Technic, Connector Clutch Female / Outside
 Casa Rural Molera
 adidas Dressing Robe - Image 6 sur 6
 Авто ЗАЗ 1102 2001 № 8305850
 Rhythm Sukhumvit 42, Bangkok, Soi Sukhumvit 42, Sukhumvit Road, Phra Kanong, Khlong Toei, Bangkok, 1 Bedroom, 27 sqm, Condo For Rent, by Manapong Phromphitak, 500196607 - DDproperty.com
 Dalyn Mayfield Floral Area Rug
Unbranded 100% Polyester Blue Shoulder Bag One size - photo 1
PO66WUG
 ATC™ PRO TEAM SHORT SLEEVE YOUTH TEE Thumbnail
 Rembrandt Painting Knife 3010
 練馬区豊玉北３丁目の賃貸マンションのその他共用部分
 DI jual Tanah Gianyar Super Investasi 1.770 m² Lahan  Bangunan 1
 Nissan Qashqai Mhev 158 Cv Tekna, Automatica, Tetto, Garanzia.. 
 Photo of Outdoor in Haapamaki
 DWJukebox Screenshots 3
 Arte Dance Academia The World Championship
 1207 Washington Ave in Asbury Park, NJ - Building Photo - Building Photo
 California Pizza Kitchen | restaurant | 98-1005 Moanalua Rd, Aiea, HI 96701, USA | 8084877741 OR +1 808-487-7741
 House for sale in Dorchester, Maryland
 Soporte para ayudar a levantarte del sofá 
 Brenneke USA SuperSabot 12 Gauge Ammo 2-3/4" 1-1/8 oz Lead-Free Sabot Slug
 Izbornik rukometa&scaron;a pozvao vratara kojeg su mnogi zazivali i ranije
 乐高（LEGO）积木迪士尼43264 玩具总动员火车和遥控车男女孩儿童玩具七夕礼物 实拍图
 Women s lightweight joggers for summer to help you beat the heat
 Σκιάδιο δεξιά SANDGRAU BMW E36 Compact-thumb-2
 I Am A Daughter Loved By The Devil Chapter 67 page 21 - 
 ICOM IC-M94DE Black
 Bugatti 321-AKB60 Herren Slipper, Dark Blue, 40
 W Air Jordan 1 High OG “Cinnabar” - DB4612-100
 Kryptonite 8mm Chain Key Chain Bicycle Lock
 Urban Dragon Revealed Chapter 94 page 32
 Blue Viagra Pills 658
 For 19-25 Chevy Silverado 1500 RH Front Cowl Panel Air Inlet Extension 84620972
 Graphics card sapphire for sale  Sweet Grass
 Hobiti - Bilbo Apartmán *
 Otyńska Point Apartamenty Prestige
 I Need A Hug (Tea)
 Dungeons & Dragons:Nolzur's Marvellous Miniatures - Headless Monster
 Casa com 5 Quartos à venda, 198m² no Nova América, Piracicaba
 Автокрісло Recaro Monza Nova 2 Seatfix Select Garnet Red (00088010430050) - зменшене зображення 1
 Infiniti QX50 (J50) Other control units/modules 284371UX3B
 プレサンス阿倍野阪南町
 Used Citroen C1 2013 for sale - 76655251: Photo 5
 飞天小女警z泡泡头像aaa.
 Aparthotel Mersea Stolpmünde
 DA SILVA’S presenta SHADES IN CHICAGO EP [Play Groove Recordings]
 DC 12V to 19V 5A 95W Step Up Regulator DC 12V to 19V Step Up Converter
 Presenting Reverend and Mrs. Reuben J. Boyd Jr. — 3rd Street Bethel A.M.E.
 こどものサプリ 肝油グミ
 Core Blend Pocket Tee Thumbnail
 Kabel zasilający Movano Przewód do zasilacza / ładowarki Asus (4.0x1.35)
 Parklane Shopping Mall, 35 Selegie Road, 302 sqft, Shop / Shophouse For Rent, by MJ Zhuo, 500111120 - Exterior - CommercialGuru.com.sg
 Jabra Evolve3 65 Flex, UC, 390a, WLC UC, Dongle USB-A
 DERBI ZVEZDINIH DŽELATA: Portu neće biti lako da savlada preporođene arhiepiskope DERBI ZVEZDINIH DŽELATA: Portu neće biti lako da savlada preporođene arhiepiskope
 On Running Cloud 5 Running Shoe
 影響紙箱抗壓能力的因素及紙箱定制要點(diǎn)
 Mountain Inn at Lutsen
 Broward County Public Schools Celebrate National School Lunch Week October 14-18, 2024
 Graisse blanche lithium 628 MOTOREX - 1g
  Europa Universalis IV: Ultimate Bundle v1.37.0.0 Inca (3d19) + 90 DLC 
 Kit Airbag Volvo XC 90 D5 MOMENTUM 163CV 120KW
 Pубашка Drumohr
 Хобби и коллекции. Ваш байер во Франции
⁂
WORK INSTRUCTIONS
Your answer must be the lines above from the one containing "ICOM IC-M94DE Black" to the one containing "Hobiti - Bilbo Apartmán *", both included, restated word for word.

SOLUTION FOR THIS EXERCISE
 ICOM IC-M94DE Black
 Bugatti 321-AKB60 Herren Slipper, Dark Blue, 40
 W Air Jordan 1 High OG “Cinnabar” - DB4612-100
 Kryptonite 8mm Chain Key Chain Bicycle Lock
 Urban Dragon Revealed Chapter 94 page 32
 Blue Viagra Pills 658
 For 19-25 Chevy Silverado 1500 RH Front Cowl Panel Air Inlet Extension 84620972
 Graphics card sapphire for sale  Sweet Grass
 Hobiti - Bilbo Apartmán *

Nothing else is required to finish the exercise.